Yes. A professor that teaches more courses will be represented more times in the study and have undue weight on the overall answers.
#18: Based on your final model, describe the characteristics of a professor and course at University of Texas at Austin that would be associated with a high evaluation score.

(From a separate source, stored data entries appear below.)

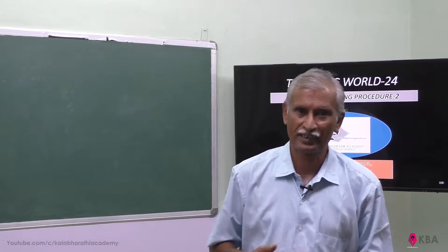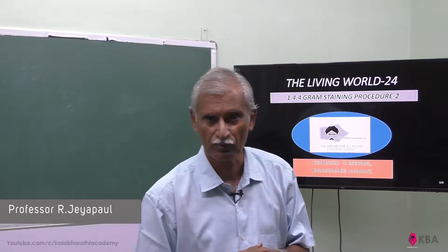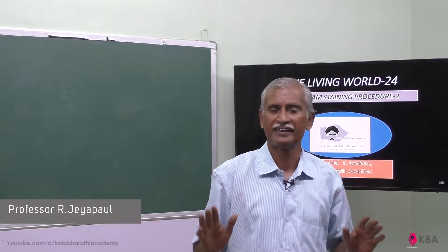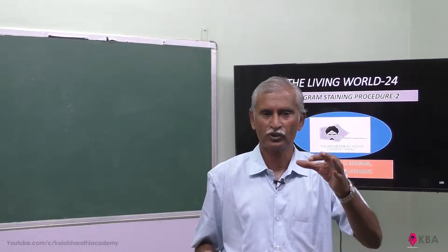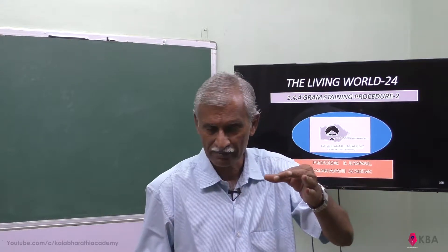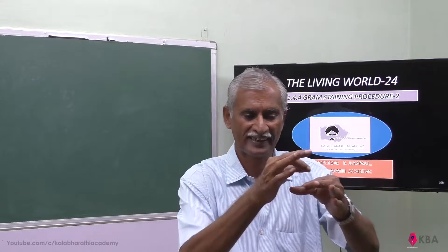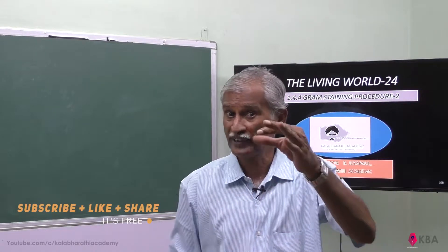Good morning, students. Welcome to Kalabharith Academy. Today we will talk about the Gram Staining Method and the process of performing it.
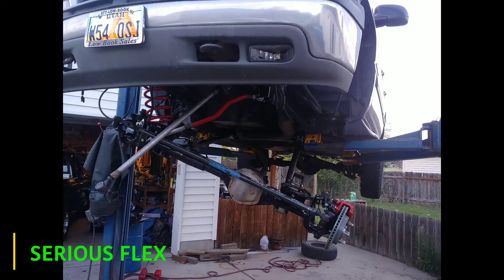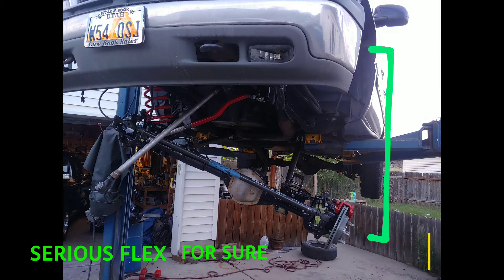I was able to measure the flex of the front suspension. From this picture you can see that the flex is far beyond what the spring will have length for at droop, or what a shock would have length for. So I did need to use limit straps, because this suspension has the capability to far out-flex what I'm currently using it for.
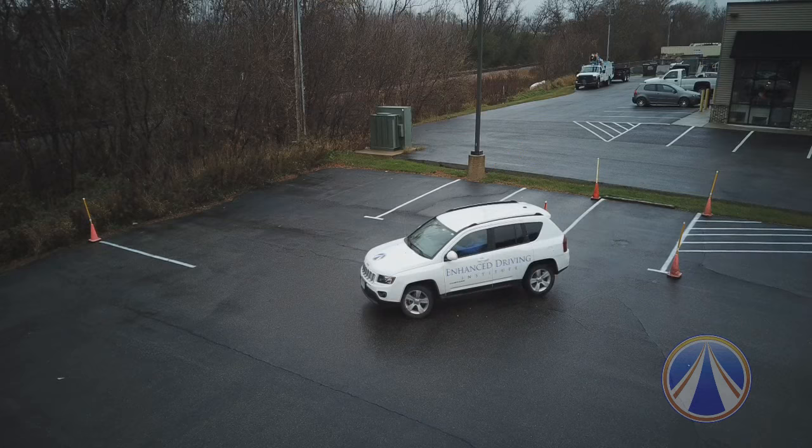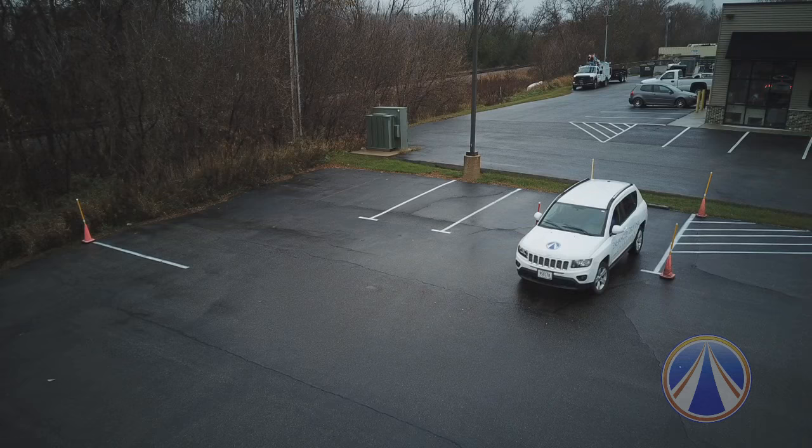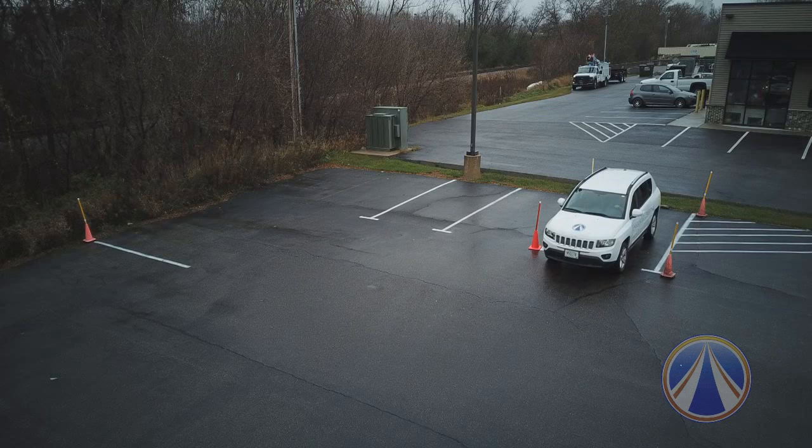As our car starts to straighten out — meaning the car is parallel to the parking lines — we're going to stop, straighten our wheel, and back the car slowly into the space. Remember, anytime you're backing up you're looking over your shoulder and checking your mirrors, making sure you have good space management to the left and to the right of the car.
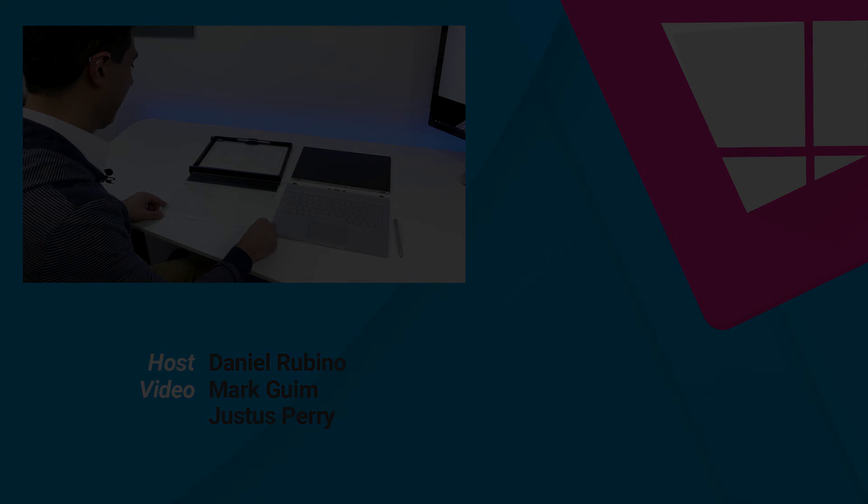So there's my quick review of the UAG Surface Book cover. If you want more information, head to Windows Central or hit the buy links below if you want it. If you like this video, give us a thumbs up and subscribe if you want more. Thanks for watching. Take care, everybody.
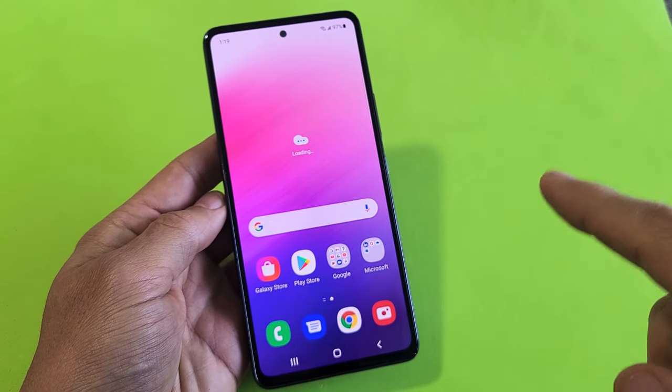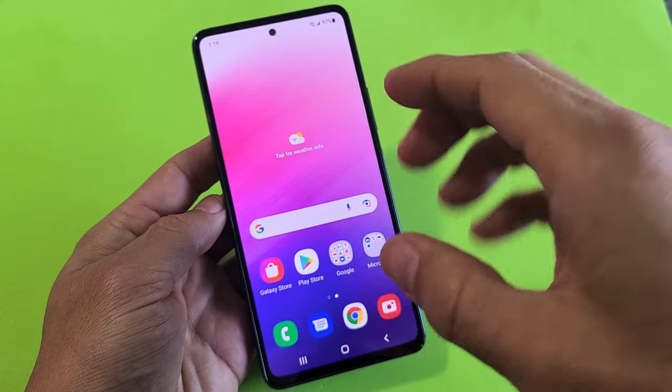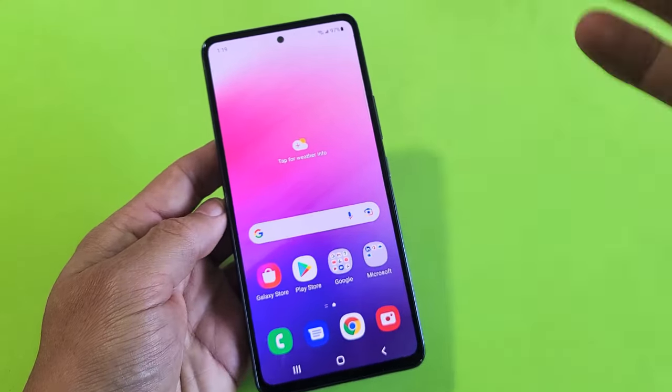So you have a Samsung Galaxy A53 smartphone and you have an issue where the screen is frozen or unresponsive — maybe you cannot swipe or maybe you're stuck somewhere. I'll show you how to fix that.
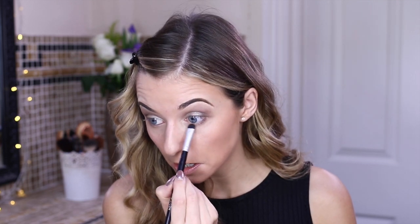Moving on to eyeliner — I'm going to use my Teddy MAC pencil in a brownie color and go along the lash line with this dark color. I think this creates a lovely smoky, bronzy look, and I do notice Zoella does this now and again. Sometimes I just think using a brush like this with eyeshadow creates such a lovely eyeliner effect.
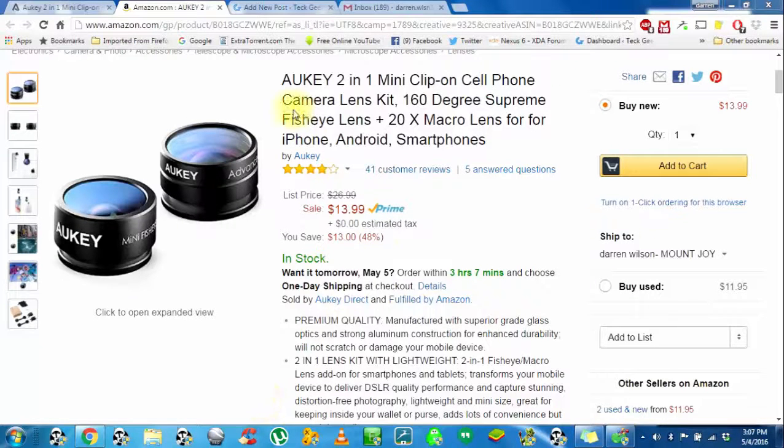This is the Aki. It's a 2-in-1 mini clip-on cell phone camera lens kit. It has a 160-degree supreme fisheye lens, and probably my favorite is the 20x macro lens.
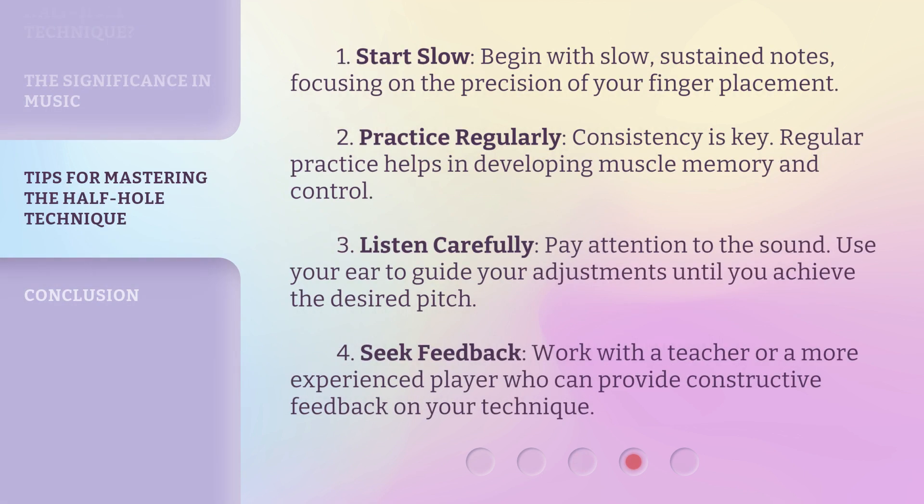1. Start slow — begin with slow, sustained notes, focusing on the precision of your finger placement. 2. Practice regularly — consistency is key; regular practice helps in developing muscle memory and control. 3. Listen carefully — pay attention to the sound and use your ear to guide your adjustments until you achieve the desired pitch. 4. Seek feedback — work with a teacher or a more experienced player who can provide constructive feedback on your technique.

According to our model a high scoring professor would be, in no particular order: neither tenured or on tenure track, not a minority, male, speaks english, is young, teaching upper level courses worth one credit and is physically attractive.
#19: Would you be comfortable generalizing your conclusions to apply to professors generally (at any university)? Why or why not?
It seems reasonable to generalize this study to other schools in the United States. I would be wary about straying too far away to places with different cultural norms.